Once excreted from the body, some prescription drugs are removed by sewage treatment. But others pass through treatment plants unaltered and end up in the lake or other drinking water supplies. Cholesterol-controlling drugs known as lipid regulators, for example, are one kind that has been found in drinking water. So have certain pain relievers and the antidepressant Prozac.
Already she has identified several potentially harmful effects from exposure to drugs in drinking water simply by testing the visual health of minnows after exposure.
In one of her initial experiments, she exposed the fish to a miniscule amount of a lipid regulator – one part per billion, a concentration that has been detected in Lake Ontario. By the next morning, the minnows were dying. "That's a pretty dramatic result," she says.
It's research that has recently appeared in newspapers across the country, from The Washington Post to the Seattle Times.
But the mere presence of a potential toxin, especially during its early development, is usually not enough to draw a conclusion about its effects.
For example, Klaper also is investigating whether exposure to the drug Prozac has any effect on the development of minnow embryos. An embryo may not look any different after exposure, but the gene expression can reveal development-altering effects that lead to illness later in life.
"At low, low levels, we want to know what the effect is on the fish at different stages of their life," she says, "not only physical changes, but also genomic. Are their gene expressions changing?"

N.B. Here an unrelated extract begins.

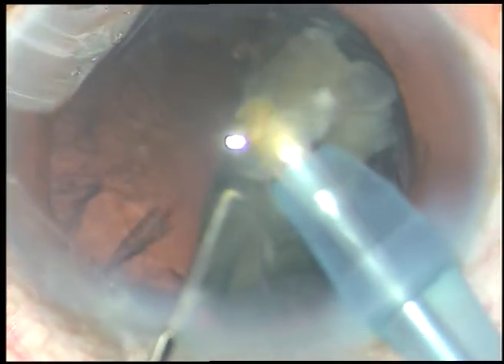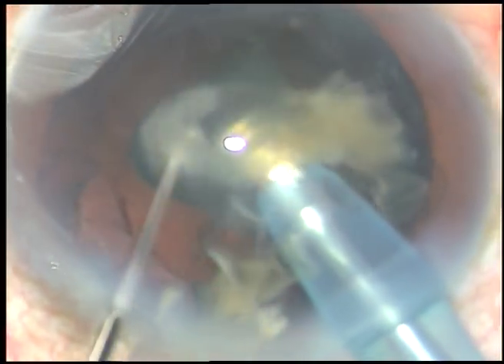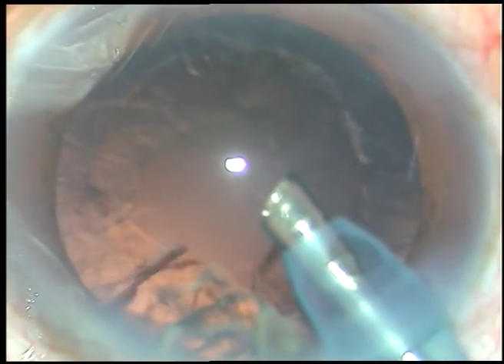This is the last portion of the nucleus. See what is done after emulsifying up to this point — when the last bit of nucleus is remaining, I remove the chopper and do the emulsification single-handedly. What happens is the leakage of BSS through the side port stops or becomes minimal and the anterior chamber becomes very stable.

She and her students also are studying the effect of pharmaceutical compounds on Daphnia, a tiny shrimp-like creature that serves as a primary food source for small fish in Lake Michigan.
Besides prescription drugs, Klaper conducts research on the effects of methyl mercury, a byproduct of coal-burning power plants that bio-accumulates in fish. Her studies aim to determine the effects in humans who eat the fish. Again, the problem is that scientists don't know yet the long-term health effects of methyl mercury.
To predict those, and to find information that will help people prevent illness, scientists at UWM's MSBSC are connecting the dots, says Director David Petering. "We want to link what's happening to the behavior of the organism with changes in its environment, and also to note alterations at the genetic level. Then we can work from both end points toward the middle."